## Task requirements:
Copy every line of the records below that holds the word "vidaXL".

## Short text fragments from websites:
-----
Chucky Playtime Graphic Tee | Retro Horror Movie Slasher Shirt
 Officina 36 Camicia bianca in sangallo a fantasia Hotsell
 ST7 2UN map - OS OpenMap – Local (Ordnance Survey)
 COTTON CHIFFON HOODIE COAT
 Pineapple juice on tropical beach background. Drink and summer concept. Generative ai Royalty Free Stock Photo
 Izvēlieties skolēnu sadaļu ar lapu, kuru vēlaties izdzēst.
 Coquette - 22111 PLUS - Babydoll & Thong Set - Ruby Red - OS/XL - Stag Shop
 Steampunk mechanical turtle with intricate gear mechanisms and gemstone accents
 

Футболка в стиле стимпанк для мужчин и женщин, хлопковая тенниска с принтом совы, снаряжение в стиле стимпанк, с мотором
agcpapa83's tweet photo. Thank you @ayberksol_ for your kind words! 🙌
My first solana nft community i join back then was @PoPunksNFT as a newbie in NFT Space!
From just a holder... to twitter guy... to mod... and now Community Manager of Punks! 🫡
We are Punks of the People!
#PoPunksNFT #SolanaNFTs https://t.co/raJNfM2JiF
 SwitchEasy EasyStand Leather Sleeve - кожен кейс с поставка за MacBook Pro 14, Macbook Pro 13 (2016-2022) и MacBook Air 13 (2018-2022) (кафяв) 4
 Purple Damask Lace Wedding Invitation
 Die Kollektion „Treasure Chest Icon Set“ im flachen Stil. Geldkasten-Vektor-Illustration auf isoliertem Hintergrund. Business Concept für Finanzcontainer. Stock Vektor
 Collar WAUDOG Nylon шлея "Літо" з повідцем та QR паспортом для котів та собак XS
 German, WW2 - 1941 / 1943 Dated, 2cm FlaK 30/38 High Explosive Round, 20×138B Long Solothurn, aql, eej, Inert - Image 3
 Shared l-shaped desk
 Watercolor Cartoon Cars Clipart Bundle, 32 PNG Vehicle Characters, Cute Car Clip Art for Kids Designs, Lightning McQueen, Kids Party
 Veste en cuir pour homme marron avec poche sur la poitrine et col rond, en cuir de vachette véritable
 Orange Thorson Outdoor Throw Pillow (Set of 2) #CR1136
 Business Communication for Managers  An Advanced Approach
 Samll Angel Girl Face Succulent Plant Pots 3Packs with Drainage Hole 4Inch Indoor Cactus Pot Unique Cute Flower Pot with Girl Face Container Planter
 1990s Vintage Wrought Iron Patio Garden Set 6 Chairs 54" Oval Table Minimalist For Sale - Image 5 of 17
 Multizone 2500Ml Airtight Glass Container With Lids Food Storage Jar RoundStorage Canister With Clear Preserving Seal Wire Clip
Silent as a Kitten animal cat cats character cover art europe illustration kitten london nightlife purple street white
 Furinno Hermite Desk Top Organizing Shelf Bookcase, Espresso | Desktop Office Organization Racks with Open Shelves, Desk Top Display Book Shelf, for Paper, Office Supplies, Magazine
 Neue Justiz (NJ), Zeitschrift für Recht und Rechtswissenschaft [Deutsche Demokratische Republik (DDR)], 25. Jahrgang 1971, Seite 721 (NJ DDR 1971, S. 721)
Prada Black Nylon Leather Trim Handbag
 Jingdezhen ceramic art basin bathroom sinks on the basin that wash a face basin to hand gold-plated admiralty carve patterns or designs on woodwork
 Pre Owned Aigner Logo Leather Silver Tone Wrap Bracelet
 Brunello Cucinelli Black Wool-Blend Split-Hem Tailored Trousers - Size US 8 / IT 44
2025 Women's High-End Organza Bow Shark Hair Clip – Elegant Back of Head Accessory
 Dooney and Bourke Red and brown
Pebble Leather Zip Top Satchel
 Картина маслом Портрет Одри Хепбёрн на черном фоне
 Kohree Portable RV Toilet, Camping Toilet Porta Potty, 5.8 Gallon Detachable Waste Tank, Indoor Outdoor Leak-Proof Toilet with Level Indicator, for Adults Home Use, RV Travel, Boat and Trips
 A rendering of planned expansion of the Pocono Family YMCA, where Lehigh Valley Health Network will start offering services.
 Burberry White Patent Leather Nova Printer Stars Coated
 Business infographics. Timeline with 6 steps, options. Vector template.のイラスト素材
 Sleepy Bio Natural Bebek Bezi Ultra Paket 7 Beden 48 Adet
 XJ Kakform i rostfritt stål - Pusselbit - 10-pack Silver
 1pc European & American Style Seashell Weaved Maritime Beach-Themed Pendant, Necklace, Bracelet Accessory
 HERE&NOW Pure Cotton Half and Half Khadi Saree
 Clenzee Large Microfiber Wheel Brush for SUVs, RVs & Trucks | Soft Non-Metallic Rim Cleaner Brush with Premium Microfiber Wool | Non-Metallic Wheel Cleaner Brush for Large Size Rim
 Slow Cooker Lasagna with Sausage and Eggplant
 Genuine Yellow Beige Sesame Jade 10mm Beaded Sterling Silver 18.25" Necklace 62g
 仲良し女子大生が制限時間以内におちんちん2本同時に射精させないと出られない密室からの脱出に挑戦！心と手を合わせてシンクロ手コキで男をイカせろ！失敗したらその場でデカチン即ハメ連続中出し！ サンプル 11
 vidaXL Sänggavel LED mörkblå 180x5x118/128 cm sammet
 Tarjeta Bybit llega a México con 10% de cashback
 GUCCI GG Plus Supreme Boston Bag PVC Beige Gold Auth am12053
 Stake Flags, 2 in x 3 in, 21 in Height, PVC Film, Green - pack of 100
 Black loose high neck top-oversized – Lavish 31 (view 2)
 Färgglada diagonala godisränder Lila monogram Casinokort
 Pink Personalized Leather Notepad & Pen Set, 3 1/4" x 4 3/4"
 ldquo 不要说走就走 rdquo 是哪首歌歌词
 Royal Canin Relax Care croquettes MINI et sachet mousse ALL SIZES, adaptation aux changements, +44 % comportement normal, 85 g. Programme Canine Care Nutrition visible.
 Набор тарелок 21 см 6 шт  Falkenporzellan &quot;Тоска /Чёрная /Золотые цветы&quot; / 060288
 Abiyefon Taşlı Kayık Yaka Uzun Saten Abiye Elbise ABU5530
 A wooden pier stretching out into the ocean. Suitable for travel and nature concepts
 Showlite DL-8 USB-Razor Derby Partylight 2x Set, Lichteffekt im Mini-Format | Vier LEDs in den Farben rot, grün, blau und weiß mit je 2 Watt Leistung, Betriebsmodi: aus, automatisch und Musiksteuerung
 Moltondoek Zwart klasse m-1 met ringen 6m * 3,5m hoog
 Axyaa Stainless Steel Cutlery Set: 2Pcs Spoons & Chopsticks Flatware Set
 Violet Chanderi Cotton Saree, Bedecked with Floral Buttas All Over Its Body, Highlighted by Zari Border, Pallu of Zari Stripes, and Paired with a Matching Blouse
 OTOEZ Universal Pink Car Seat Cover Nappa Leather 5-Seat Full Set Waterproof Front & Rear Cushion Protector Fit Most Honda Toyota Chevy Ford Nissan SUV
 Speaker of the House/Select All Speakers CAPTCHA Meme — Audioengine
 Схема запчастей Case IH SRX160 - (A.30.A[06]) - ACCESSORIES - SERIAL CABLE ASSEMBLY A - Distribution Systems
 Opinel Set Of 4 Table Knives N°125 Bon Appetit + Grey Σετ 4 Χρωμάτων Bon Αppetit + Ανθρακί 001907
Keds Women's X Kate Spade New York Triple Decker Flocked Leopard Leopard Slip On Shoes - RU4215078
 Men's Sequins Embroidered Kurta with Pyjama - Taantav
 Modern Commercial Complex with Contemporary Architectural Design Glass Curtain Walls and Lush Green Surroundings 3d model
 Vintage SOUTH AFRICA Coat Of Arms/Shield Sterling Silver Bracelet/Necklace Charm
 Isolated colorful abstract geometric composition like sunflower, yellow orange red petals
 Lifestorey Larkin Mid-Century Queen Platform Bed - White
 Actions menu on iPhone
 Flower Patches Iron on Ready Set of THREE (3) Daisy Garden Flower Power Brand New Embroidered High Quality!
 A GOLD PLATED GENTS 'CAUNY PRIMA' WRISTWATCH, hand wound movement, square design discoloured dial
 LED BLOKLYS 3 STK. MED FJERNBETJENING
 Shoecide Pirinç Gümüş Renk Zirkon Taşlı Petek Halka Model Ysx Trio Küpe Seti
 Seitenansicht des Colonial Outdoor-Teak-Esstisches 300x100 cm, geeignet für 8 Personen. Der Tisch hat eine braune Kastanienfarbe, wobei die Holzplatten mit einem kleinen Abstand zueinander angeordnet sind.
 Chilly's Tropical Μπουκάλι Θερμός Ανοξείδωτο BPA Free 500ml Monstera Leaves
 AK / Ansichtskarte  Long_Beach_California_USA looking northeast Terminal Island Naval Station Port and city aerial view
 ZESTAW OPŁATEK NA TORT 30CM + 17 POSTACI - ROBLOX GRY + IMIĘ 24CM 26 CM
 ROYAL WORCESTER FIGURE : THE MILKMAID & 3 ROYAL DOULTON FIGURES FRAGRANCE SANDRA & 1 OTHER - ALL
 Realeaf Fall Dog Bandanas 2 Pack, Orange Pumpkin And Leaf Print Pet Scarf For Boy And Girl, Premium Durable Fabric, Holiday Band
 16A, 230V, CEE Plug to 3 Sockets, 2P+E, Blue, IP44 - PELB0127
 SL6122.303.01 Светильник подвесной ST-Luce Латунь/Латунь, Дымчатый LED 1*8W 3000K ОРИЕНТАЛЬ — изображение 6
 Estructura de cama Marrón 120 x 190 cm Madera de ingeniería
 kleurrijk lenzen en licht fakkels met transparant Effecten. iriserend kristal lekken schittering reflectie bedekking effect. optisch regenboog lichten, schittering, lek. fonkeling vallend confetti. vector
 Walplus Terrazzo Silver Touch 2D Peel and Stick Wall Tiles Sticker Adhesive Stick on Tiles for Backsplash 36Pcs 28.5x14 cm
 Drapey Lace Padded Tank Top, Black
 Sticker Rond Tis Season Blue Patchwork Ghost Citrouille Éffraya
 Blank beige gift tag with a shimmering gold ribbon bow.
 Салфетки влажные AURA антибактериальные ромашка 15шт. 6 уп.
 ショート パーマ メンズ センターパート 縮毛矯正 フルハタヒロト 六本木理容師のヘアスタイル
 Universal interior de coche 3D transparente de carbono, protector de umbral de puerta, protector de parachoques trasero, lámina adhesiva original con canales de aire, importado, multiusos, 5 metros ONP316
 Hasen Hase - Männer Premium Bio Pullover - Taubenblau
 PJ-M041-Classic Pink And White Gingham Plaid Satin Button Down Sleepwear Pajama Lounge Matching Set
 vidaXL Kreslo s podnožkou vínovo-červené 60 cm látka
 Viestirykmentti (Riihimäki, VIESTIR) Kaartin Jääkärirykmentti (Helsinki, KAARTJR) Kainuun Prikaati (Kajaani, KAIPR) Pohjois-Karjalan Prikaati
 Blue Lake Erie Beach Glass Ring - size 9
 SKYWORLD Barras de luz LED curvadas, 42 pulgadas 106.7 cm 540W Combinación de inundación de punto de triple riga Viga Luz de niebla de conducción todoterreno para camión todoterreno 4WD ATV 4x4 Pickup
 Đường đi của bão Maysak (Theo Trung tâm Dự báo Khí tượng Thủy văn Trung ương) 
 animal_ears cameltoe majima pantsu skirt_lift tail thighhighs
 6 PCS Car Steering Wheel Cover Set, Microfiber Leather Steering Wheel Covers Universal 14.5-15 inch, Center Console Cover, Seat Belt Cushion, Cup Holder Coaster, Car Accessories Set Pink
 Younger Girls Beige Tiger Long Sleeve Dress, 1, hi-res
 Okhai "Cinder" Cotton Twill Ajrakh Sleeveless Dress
-----
## Task response:
 vidaXL Sänggavel LED mörkblå 180x5x118/128 cm sammet
 vidaXL Kreslo s podnožkou vínovo-červené 60 cm látka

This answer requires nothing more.